"Nous, tous les évêques présents à Rome, avons remis nos postes entre les mains du Saint-Père afin qu'il décide librement pour chacun d'entre nous", indique une déclaration lue devant la presse par deux porte-paroles de la Conférence épiscopale chilienne.
La balle revient désormais dans le camp du pape pour prendre des sanctions nominatives après cette démission collective sans précédent depuis deux siècles.
Dans une courte déclaration adressée jeudi soir aux 34 évêques chiliens, à l'issue de quatre rencontres au Vatican, le pape argentin avait annoncé des "changements" à court, moyen et long terme pour rétablir "la justice".
Mais son véritable acte d'accusation figure dans une autre lettre théoriquement confidentielle de dix pages aux évêques, révélée vendredi par la chaîne de télévision chilienne T13.
Distribuée au premier jour de ses rencontres avec les évêques chiliens, le 15 mai, cette missive du pape évoque des "crimes" et "le douloureux et honteux constat d'abus sexuels sur mineurs, d'abus de pouvoir et de conscience d'une partie du clergé de l'Eglise".
Le pape note que le congédiement de certains prélats est nécessaire mais "insuffisant". Il faut, selon lui, aller urgemment "aux racines" qui ont permis que des abus soient perpétrés au sein d'une Eglise chilienne "élitiste" et "autoritaire".
Une enquête dépêchée par le pape soupçonne des membres de la hiérarchie de l'Eglise chilienne d'avoir détruit des preuves dans des cas d'abus sexuels.
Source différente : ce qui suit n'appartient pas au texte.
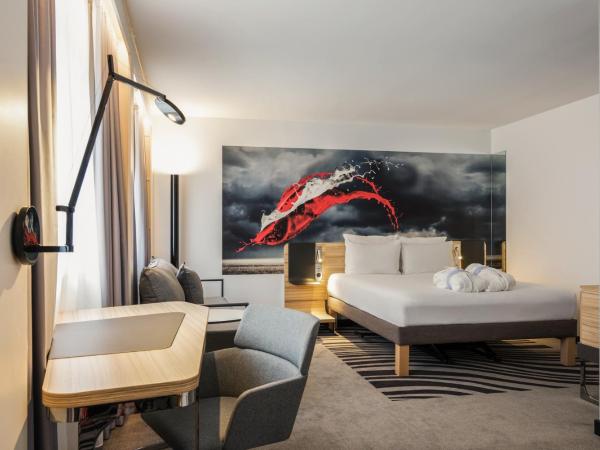 Novotel Den Haag City Centre, fully renovated : photo 1 de la chambre chambre double exécutive avec canapé-lit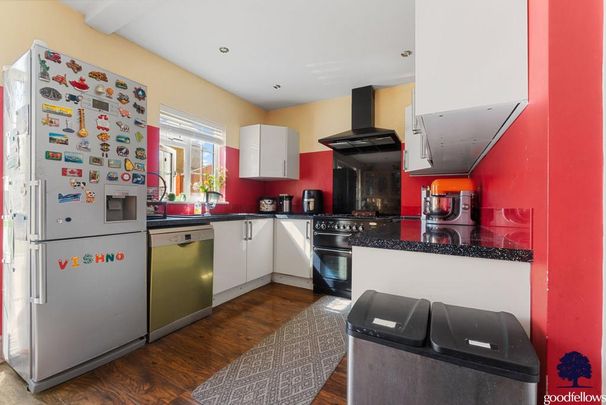 3 bedroom semi-detached house to rent - Photo 1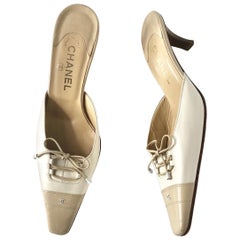 Vintage Chanel CC Logo Bow Cream Tan Pointed Toe Cap Toe Mules Pumps 39.5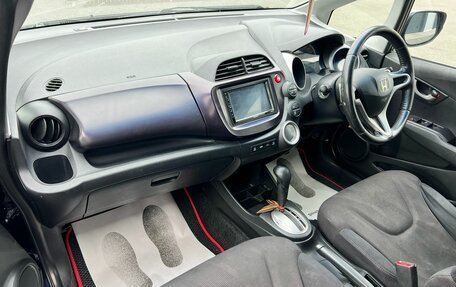 Honda Fit III, 2010 год, 909 000 рублей, 13 фотография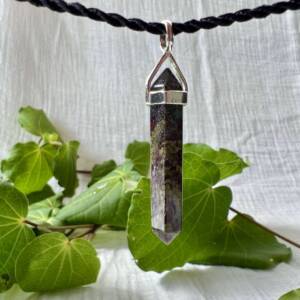 dragonstone pendant crystal necklace for sale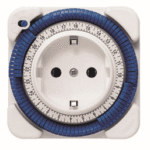 THEBEN 0260030 Analoge Steckdosenschaltuhr Tagesprogramm, 96 Schaltsegmente TIMER 26 Verpackungseinheit:1ST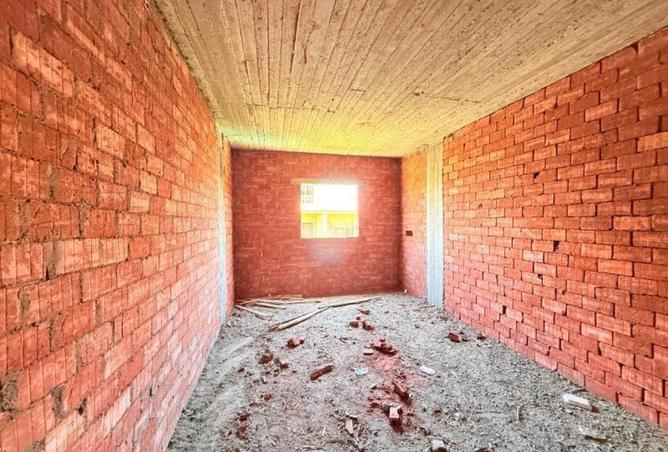 8182511 - Property Image 2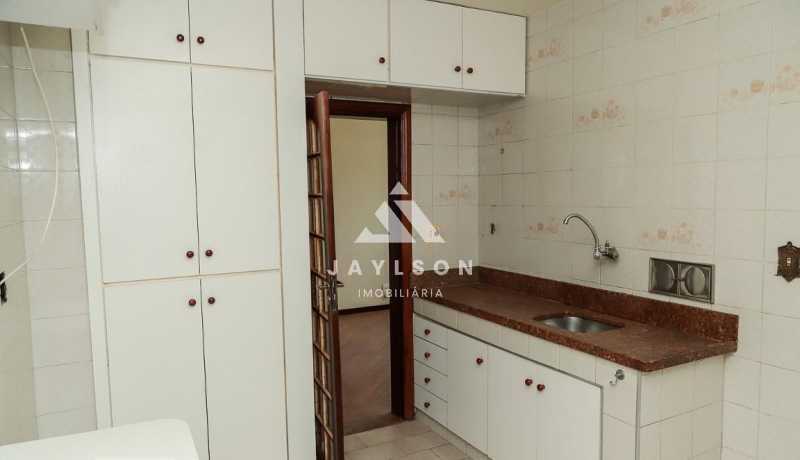 Apartamento à venda com 2 quartos, 60m² - Foto 13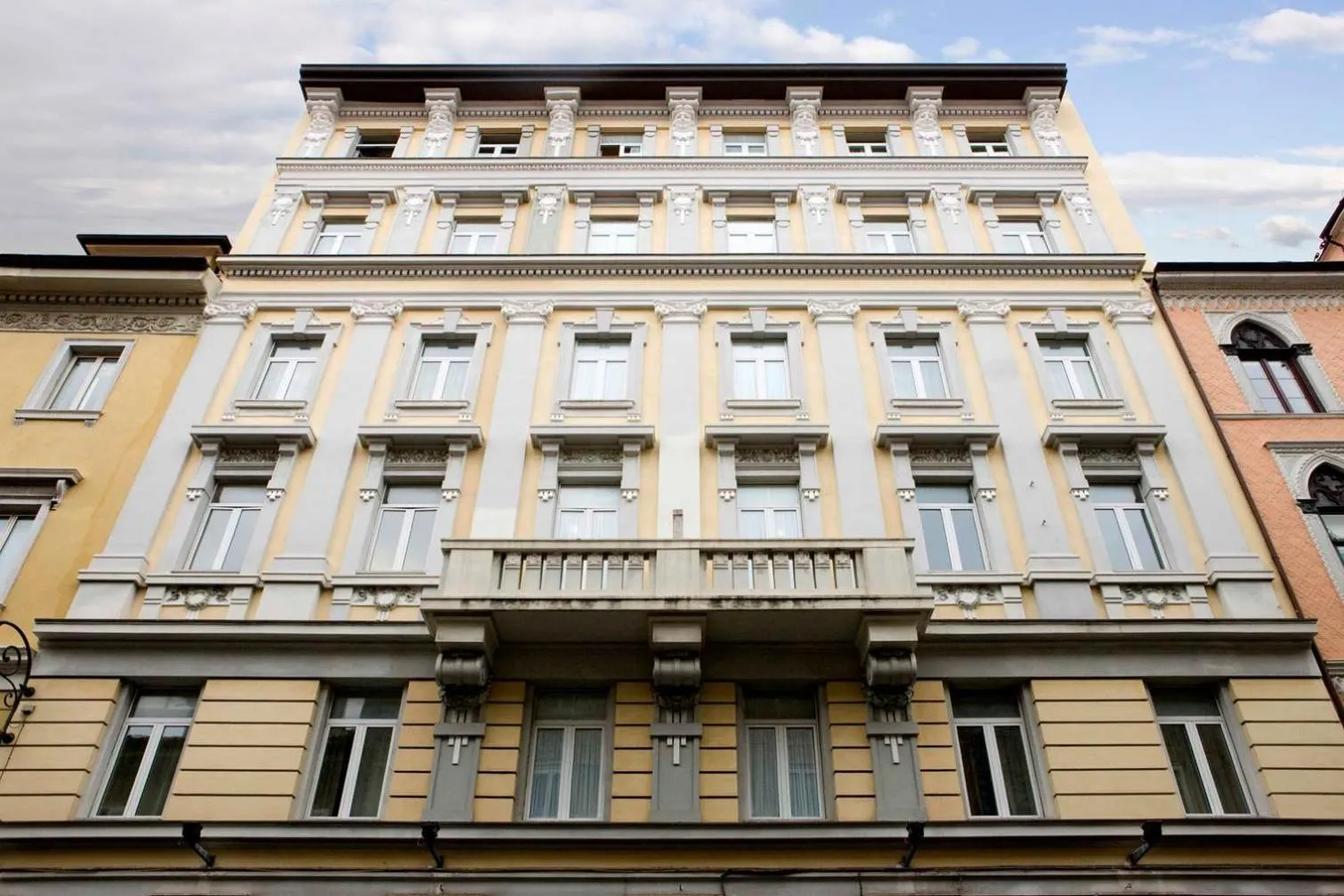 Property building in Residence Liberty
Et certains membres du clergé ayant eu un comportement immoral auraient été transférés dans d'autres diocèses, après des tentatives pour "minimiser" leurs actions.
Des graves accusations ont aussi été "qualifiées de manière très superficielle comme improbables", relève le pape, dans sa lettre confidentielle aux évêques. L'enquête du Vatican conclu en outre à "de très graves négligences pour protéger des enfants" de la part d'évêques et de supérieurs de communautés religieuses.
-"pardon" des évêques-
Jeudi, deux représentants de l'épiscopat chilien ont lu une déclaration, d'un ton singulièrement distant, et refusé de répondre aux questions.
"Nous voulons demander pardon pour la douleur causée aux victimes, au pape, au peuple de Dieu et à notre pays pour les graves erreurs et omissions que nous avons commises", ont néanmoins déclaré les évêques.
"Nous remercions les victimes pour leur persévérance et leur courage, malgré les énormes difficultés personnelles, spirituelles, sociales et familiales qu'ils ont dû affronter, auxquelles s'ajoutaient souvent l'incompréhension et les attaques de la communauté ecclésiale", ajoutent-ils.
La démission de l'ensemble de l'épiscopat d'une Eglise est inédite depuis deux siècles.
D'autres convocations à ce niveau ont néanmoins eu lieu à Rome plus récemment sous les pontificats précédents.
En avril 2002, le pape Jean-Paul II avait convoqué à Rome 13 cardinaux et évêques américains après un immense scandale de pédophilie au sein du clergé.
Après l'éclatement d'un autre scandale, en Irlande en 2009, le pape Benoît XVI avait aussi organisé une réunion de prélats irlandais au Vatican en février 2010.
Le pape tente depuis quatre mois de réparer le fiasco médiatique de son voyage au Chili de janvier, quand il avait défendu avec force un évêque chilien, Juan Barros, soupçonné d'avoir caché les actes pédophiles du père Fernando Karadima.
A la lecture en avril des conclusions de 2.300 pages d'enquête, dont 64 témoignages recueillis au Chili et aux États-Unis, le souverain pontife avait reconnu avoir commis "de graves erreurs" d'appréciation et parlé d'un "manque d'informations véridiques et équilibrées".
Il avait alors convoqué tous les évêques du Chili à Rome pour examiner les conclusions du rapport.
Avant de les recevoir, le pape avait accueilli début mai pendant plusieurs jours dans sa résidence du Vatican trois victimes d'abus sexuels.
Juan Carlos Cruz, James Hamilton et Jose Andrés Murillo (victimes du père Fernando Karadima, reconnu coupable en 2011 par un tribunal du Vatican d'avoir commis des actes pédophiles dans les années 1980 et 1990) avaient dénoncé devant la presse l'omerta d'une partie de la haute hiérarchie de l'Église catholique du Chili.
L'un d'eux avait nommément mis en cause le cardinal Javier Errazuriz, membre d'une puissante commission de neuf cardinaux (C9) chargée de conseiller le pape François sur les réformes de la Curie, et qui vient régulièrement à Rome. Jeudi, le cardinal Errazuriz avait accusé les victimes de "calomnies" dans un entretien à la télévision chilienne T13.